On automatic loading of the embed (IP address, browser data):

• For the pure function provision of the widget, it can be argued that legitimate interest pursuant to Art. 6(1)(f) GDPR exists (website operator has interest in user feedback)
• However, if the embed queries external servers without user consent (which is typically the case), § 25 TDDDG (Telemedia Act) and ePrivacy Directive apply: consent required for setting cookies or processing terminal accesses

For survey answers (content):

• If the user fills in the survey voluntarily: consent of the survey participant (Art. 6(1)(a) GDPR)
• If the survey is required as part of a contract: contract performance (Art. 6(1)(b) GDPR)
• Own use by SurveyMonkey (product improvement): legitimate interest (Art. 6(1)(f) GDPR)

Third-country transfer (USA):

• SurveyMonkey Inc. is certified under the Data Privacy Framework
• Additionally, Standard Contractual Clauses apply for transfers to the USA
• A DPA (Data Processing Agreement) with SCCs is available with premium plans

H. Special Features and Notes

1. Sensitive data types in surveys: Depending on the survey design, survey answers may contain sensitive data (health, political beliefs, trade union membership, etc.). In such cases Art. 9 GDPR applies (processing of special categories). Consent is then mandatory.
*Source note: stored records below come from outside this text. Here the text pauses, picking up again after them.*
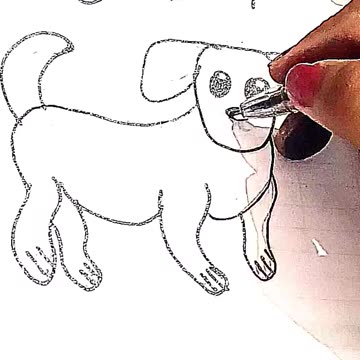 How to draw dog easy for beginner #shorts #youtubeshorts #tranding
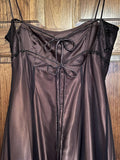 Pink Brown Vintage Exquisite Beaded Spaghetti Strap Long Tulle Elegant Ball Gown Evening Dress Party Dress Prom Dress HZ1023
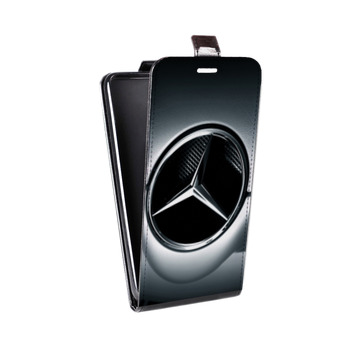 Дизайнерский вертикальный чехол-книжка для Iphone 7 Mercedes (на заказ)
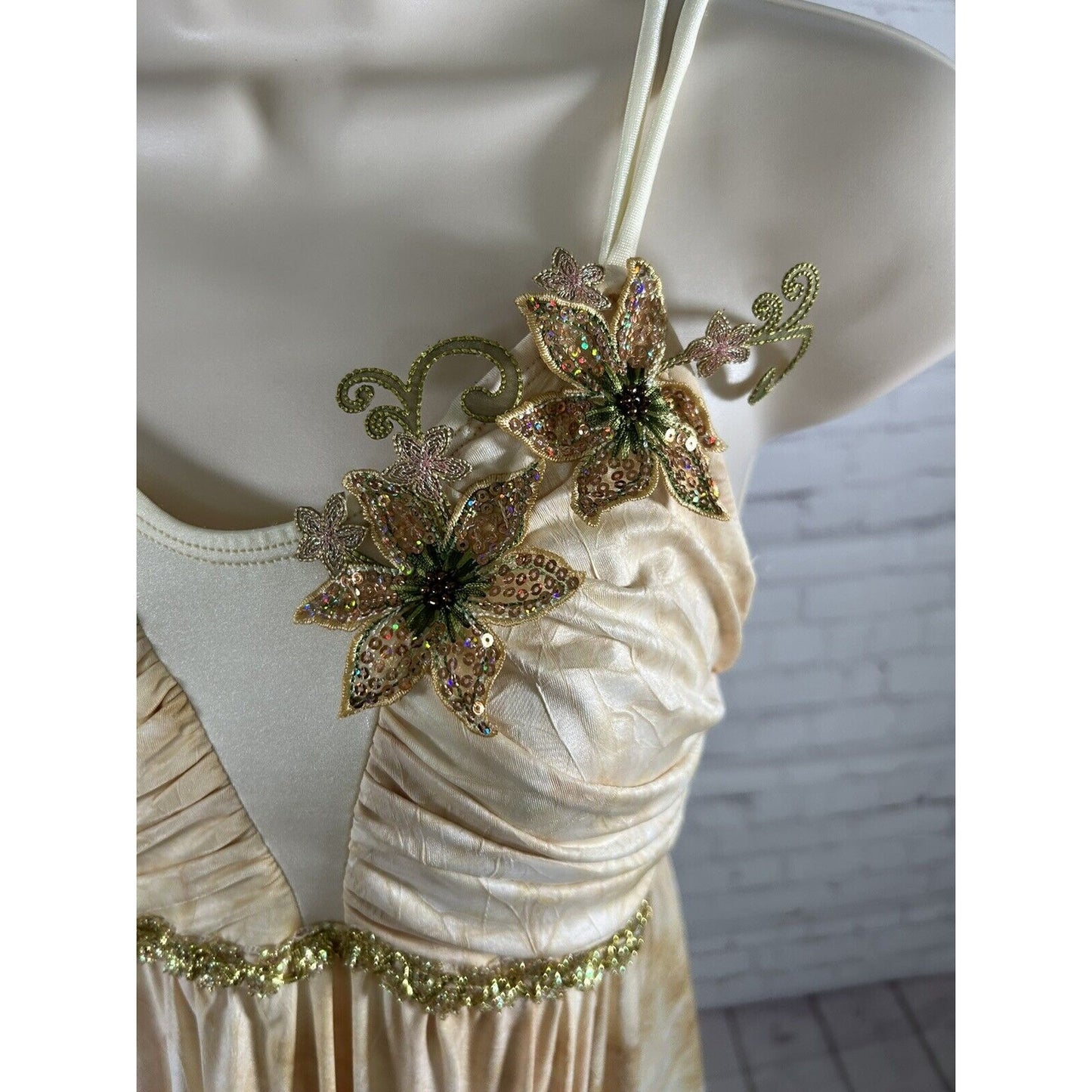 Curtain Call Dance Recital Competition Dress Costume Beaded Size AME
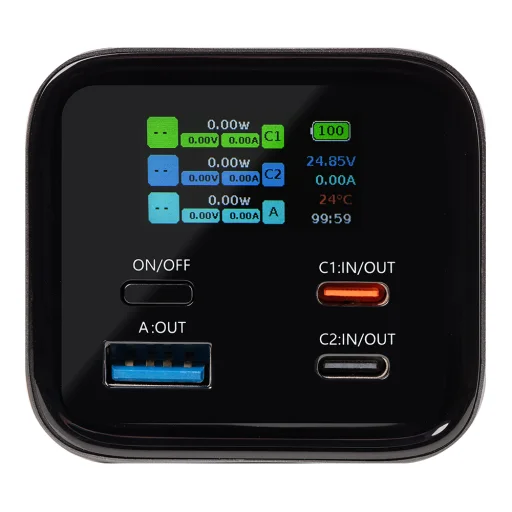 Tactical Squad Head Quarters 65W 27000mAh - Powerbank - 4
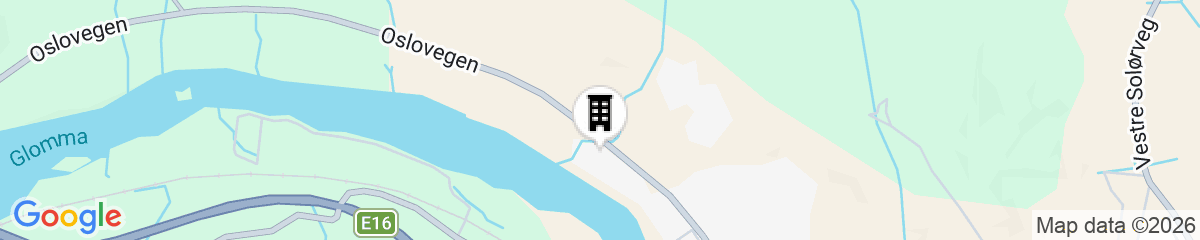 Map for Kongsvinger Budget Hotel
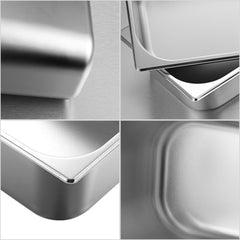 SOGA 4X Gastronorm GN Pan Full Size 1/3 GN Pan 20cm Deep Stainless Steel Tray with Lid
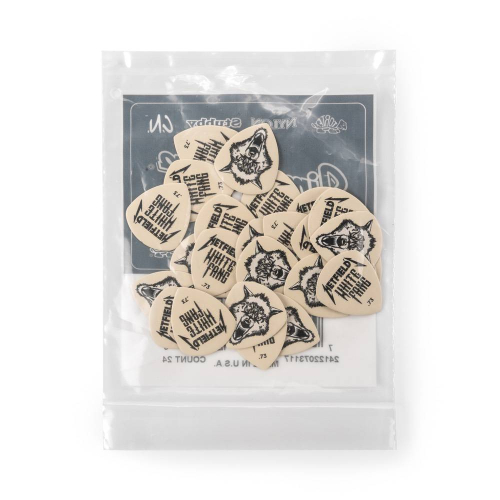 Dunlop PH122R73 James Hetfield White Fang 0.73mm Plectrum 24-Pack
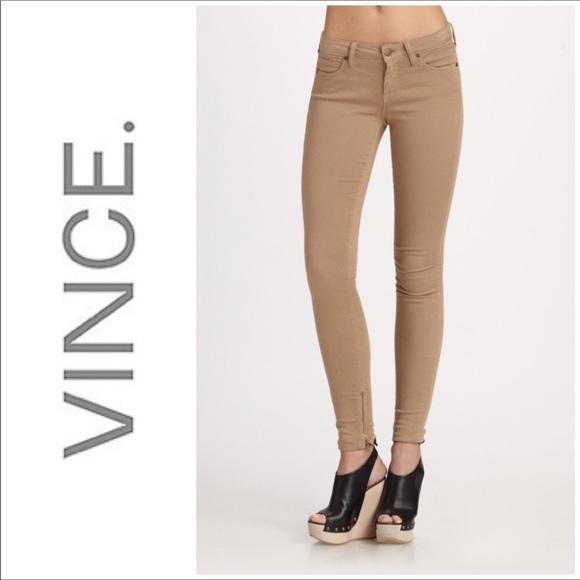 Vince Denim - Vince. Calgary Desert Tan Skinny Jeans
2. Role of the website operator: The website operator is itself controller (Art. 4(7) GDPR) for the decision to embed SurveyMonkey. It must therefore itself check whether the legal requirements are met.
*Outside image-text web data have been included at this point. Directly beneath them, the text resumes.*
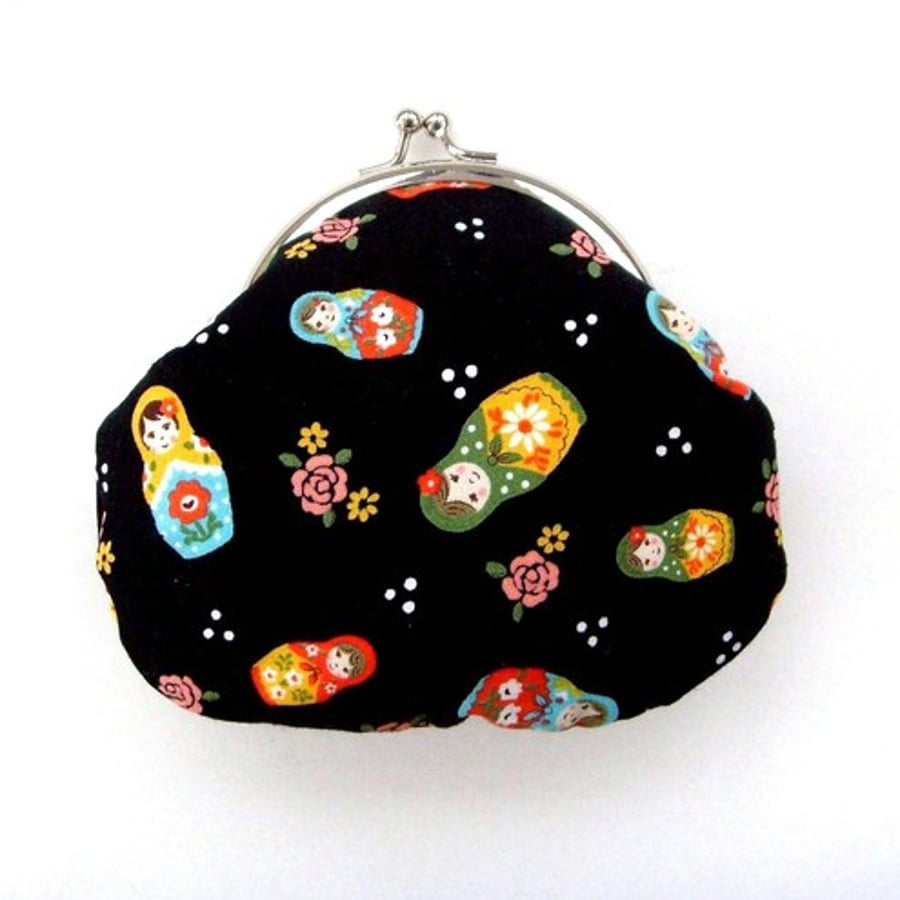Little Russian Dolls Fabric Credit Card/Coin Purse
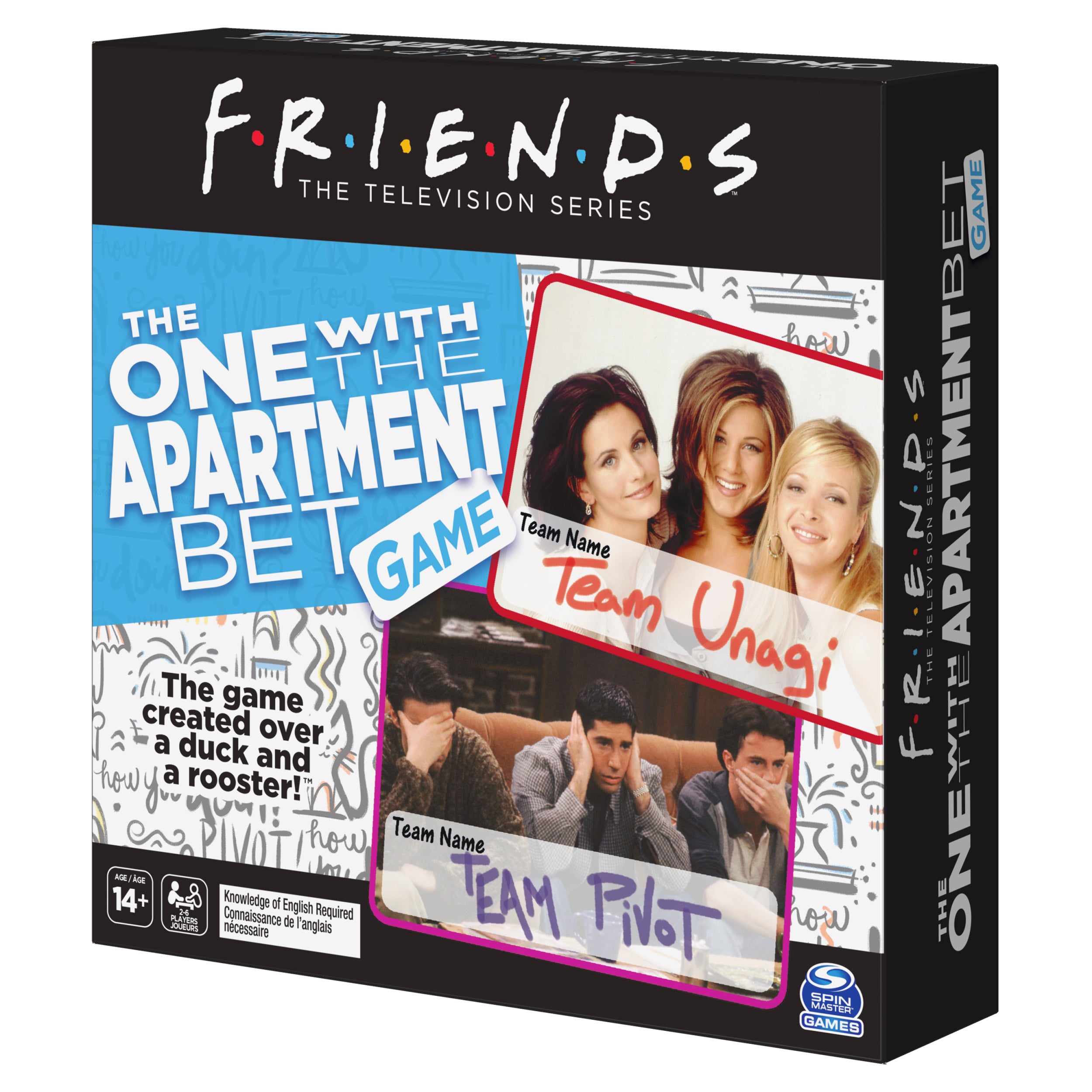 Friends TV Show, The One with the Apartment Bet Party Game, for Adults and Teens Ages 14 and up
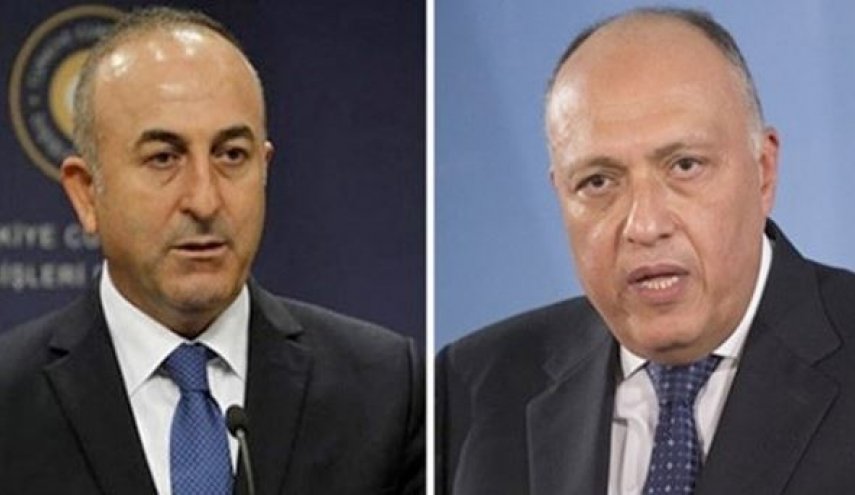 أول اتصال هاتفي مباشر بين وزيري خارجية تركيا ومصر 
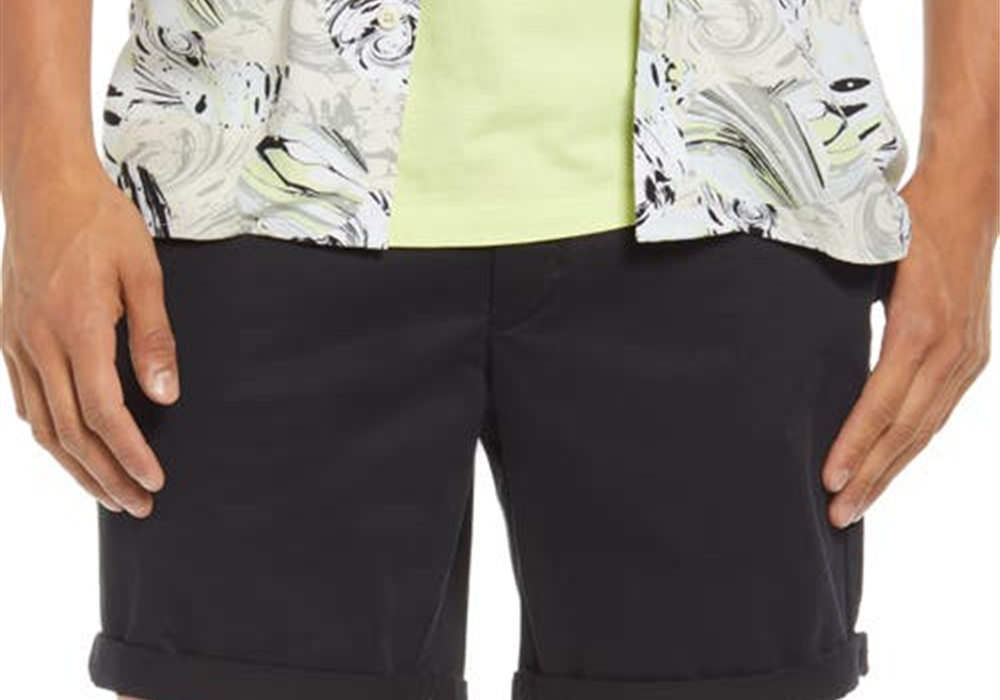 Shorts chino skinny preto tamanho 38 aberto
3. Consent vs. legitimate interest: The automatic loading of the embed on page access is typically not justified by legitimate interest, but requires consent (§ 25 TDDDG). The website operator should obtain consent before loading the embed – for example through a cookie banner or consent management (CMP).
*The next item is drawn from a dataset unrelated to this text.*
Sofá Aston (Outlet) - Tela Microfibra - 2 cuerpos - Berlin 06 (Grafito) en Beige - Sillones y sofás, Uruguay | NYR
4. Data Processing Agreement (DPA): SurveyMonkey offers a Data Processing Agreement. This is available at https://www.surveymonkey.com/mp/legal/data-processing-agreement/. A DPA should be concluded by the website operator in order to safeguard the processing on behalf in a documented manner.

5. Third-country transfer and DPF: Most European customer data is stored on servers in the USA. SurveyMonkey is certified under the EU-U.S. Data Privacy Framework (DPF), which guarantees an adequate protection. However, this should be mentioned in the privacy policy.

6. Opt-out and user control: With iFrame embedding, it is difficult to offer users a real opt-out. Technically, one could only load the embed after consent, which impairs user-friendliness. This tension should be transparently disclosed.

7. Retention period: IP addresses: max. 13 months Survey answers: depending on customer configuration, typically until deletion by the customer Account data: as long as the customer account is active

I. Frequently Asked Questions on SurveyMonkey Embeds and Data Protection

J. Conclusion

SurveyMonkey embeds are a functional feedback tool, but – like all third-party integrations – bring data protection responsibilities. Website operators must transparently disclose that personal data is transferred to a US-based provider when using the embed.

The privacy policy should not only exist, but be tailor-made: A generic text template that does not reflect the specific data collection of one's own survey is not sufficient and can lead to reprimands in the event of authority checks or data protection complaints.

A written Data Processing Agreement with SurveyMonkey is essential. SurveyMonkey provides a standard DPA with Standard Contractual Clauses, which secures the legality of the data transfer to the USA.

In summary: Consent before loading the embed, conclude DPA, adapt privacy policy, enable data subject rights – these four steps are the basis for data-protection-compliant embedding.